* **What needs to be done**
Exactly the lines from the line containing "Clínicas Quijada (Jerez de la Frontera)" through the last line of the entries below should appear in the answer, reproduced verbatim.

═════ Dataset excerpts ═════

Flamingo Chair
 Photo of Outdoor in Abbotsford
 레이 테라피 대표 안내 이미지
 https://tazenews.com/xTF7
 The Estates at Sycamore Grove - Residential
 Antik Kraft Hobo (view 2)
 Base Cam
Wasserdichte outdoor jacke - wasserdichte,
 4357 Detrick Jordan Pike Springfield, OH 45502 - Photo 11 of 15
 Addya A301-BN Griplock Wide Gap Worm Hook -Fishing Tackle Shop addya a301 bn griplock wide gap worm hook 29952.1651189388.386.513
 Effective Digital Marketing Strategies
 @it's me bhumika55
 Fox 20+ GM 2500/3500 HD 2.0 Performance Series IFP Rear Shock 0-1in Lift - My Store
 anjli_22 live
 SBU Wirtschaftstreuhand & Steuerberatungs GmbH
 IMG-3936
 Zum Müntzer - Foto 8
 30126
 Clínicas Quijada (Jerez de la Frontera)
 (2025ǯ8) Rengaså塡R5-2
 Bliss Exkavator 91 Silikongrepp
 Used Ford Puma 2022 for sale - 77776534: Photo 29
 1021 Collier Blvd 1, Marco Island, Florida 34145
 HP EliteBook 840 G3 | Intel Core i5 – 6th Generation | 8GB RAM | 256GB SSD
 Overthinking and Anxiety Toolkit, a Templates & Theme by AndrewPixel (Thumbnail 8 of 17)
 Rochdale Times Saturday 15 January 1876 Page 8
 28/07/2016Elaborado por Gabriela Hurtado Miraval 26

═════

* **Result for this exercise**
 Clínicas Quijada (Jerez de la Frontera)
 (2025ǯ8) Rengaså塡R5-2
 Bliss Exkavator 91 Silikongrepp
 Used Ford Puma 2022 for sale - 77776534: Photo 29
 1021 Collier Blvd 1, Marco Island, Florida 34145
 HP EliteBook 840 G3 | Intel Core i5 – 6th Generation | 8GB RAM | 256GB SSD
 Overthinking and Anxiety Toolkit, a Templates & Theme by AndrewPixel (Thumbnail 8 of 17)
 Rochdale Times Saturday 15 January 1876 Page 8
 28/07/2016Elaborado por Gabriela Hurtado Miraval 26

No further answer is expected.